2.8. Cumulative and average edge depths

By default, the calculation of cumulative edge depths particularly applies to the first and last two bases of every reference sequence. Specifically, there are two kinds of edge depths — the edge 1 depth (5’ edge) and the edge 2 depth (3’ edge), which are computed through dividing a corresponding cumulative edge depth by the size of the edge region (2 bp by default). Obviously, an edge depth of zero does not necessarily mean there is a large (that is, > 2 bp) truncation at an end of the reference. It is worthy pointing out here that when a truncation happens at an end of the reference sequence, the corresponding edge depth becomes zero, which is the default value of variables depth_a and depth_z.

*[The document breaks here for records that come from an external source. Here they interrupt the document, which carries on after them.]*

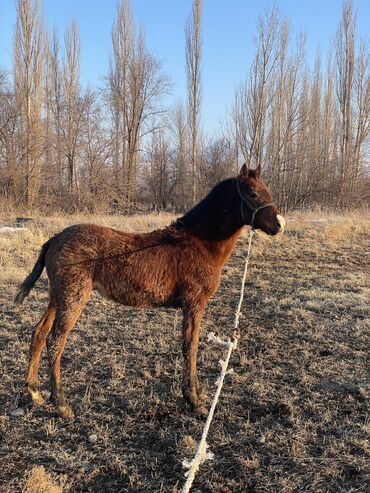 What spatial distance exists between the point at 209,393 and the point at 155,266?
1.40 metres

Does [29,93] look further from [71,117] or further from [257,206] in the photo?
[257,206]

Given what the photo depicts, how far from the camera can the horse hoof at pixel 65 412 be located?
3468 mm

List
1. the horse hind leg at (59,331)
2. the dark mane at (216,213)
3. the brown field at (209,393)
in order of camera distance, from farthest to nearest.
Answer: the dark mane at (216,213), the horse hind leg at (59,331), the brown field at (209,393)

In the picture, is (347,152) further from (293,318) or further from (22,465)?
(22,465)

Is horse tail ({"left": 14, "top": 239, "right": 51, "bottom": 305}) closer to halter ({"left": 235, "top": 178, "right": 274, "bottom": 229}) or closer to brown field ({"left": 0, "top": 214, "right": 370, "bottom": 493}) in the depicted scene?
brown field ({"left": 0, "top": 214, "right": 370, "bottom": 493})

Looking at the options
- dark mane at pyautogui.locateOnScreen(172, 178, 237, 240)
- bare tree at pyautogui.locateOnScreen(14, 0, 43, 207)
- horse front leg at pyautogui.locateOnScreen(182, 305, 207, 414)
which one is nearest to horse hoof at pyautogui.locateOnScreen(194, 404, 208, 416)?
horse front leg at pyautogui.locateOnScreen(182, 305, 207, 414)

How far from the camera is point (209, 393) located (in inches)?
155

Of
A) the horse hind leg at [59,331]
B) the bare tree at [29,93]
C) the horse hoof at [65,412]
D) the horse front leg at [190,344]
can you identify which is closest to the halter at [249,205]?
the horse front leg at [190,344]

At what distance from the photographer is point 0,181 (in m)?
23.6

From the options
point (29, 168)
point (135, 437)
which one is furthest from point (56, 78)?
point (135, 437)

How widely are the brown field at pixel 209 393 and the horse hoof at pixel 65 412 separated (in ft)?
0.20

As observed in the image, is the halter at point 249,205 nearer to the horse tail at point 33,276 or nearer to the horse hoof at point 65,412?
the horse tail at point 33,276

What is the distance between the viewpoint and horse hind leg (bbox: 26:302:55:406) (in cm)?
374

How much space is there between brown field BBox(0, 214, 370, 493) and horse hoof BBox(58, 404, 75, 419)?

edge_a = edge_z = 2  # define the first and last 2 bp in a reference for calculating edge depths
...
depth_a = depth_z = 0  # cumulative edge depth = 0 if either end of the reference failed mapping
nuc_num = int(fields[1]) # actual position in the reference allele
...

# Calculate cumulative depths for the edge region
if nuc_num <= edge_a:  # if the current position is inside of the first 2 bp, then calcualte the edge 1 depth
    depth_a += nuc_depth  # add the read depth of this position to the total (within 2-bp range)
    ...
if abs(nuc_num - allele_size) < edge_z:  # calculate the other depth if the current base is within the last 2 bp
    depth_z += nuc_depth
    ...
...

# Calculate average edge depths
avg_a = depth_a / float(edge_a)  # average coverage depth at the 5' end (2-bp region)—edge depth 1, or start_depth in function score_alleles(..)
avg_z = depth_z / float(edge_z)  # average coverage depth at the 3' end (2-bp region)—edge depth 2, or end_depth in function score_alleles(..)
...

def read_pileup_data(...):
    hash_edge_depth[allele] = (avg_a, avg_z)  # {"allele name" : (avg_a, avg_z)}
    
def score_alleles(..., hash_edge_depth, ...):
    # This function writes *.scores files which contain columns Edge1_depth and Edge2_depth.
    ...

3. Conditions for making a variant and/or dubious allele call?

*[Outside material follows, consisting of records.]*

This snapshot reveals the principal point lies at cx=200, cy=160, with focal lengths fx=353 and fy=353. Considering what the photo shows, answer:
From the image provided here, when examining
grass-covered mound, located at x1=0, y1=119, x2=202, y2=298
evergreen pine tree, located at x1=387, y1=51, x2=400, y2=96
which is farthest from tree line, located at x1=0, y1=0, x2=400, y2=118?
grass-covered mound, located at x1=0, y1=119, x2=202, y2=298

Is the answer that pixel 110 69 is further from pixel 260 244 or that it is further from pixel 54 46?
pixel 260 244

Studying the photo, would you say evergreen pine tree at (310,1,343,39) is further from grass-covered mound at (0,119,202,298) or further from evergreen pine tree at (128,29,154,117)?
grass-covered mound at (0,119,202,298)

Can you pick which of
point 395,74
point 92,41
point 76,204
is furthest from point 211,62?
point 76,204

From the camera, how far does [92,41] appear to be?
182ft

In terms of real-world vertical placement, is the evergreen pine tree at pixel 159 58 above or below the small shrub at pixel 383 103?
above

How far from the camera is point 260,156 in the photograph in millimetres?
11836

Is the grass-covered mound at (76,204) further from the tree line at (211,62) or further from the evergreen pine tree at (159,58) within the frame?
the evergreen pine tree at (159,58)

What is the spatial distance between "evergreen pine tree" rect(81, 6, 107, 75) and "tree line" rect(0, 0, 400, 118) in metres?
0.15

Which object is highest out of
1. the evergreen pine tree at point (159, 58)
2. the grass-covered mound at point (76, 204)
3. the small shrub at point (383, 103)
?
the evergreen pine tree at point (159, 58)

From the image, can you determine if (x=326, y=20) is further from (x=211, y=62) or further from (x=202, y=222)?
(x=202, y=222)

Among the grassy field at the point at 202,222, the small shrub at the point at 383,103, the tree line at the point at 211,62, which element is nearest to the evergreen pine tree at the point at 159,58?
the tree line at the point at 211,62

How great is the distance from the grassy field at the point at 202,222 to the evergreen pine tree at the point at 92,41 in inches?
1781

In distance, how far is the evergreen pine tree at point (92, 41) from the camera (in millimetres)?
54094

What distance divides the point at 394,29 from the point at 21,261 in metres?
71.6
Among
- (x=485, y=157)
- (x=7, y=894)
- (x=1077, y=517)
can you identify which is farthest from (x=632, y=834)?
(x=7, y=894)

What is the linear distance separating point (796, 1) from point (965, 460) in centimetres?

There are four kinds of allele calls (i.e. the “top allele” identified in srst2.py) in an SRST2 report: precise allele calls (100% nucleotide identity across all of the reference sequence), allele variants (flagged by a “*"), dubious but precise alleles calls (”?"), and dubious allele variants ("*?"). Two independent dimensions of criteria are used for designating a symbol to an allele call: the similarity and alignment coverage/depth (table 1) of an alignment. To be more specific, among all allele calls reported, a sequence is flagged as an allele variant (denoted by an asterisk) if there is any SNP or indel found between the consensus sample sequence and the reference; a dubious allele (denoted by a question mark) is an allele call whose coverage depths fall below the user-set thresholds (average depth >5 and the minimum depth of edge one and two >2 by default, i.e. –min_depth 5 and –min_edge_depth 2). Note that the designation of symbols “*” and “?” are mutually independent, and SRST2 identifies top alleles before assigning them any symbol based on the identity and depth of alignments.

Table 1. symbols used for flagging allele calls based on two criteria: alignment similarity and depth.

Similarity/coverage Confident Dubious
precise ?
variant * *?

Note that the term “dubious” indicates that the evidence for this allele call is insufficient in terms of the alignment coverage.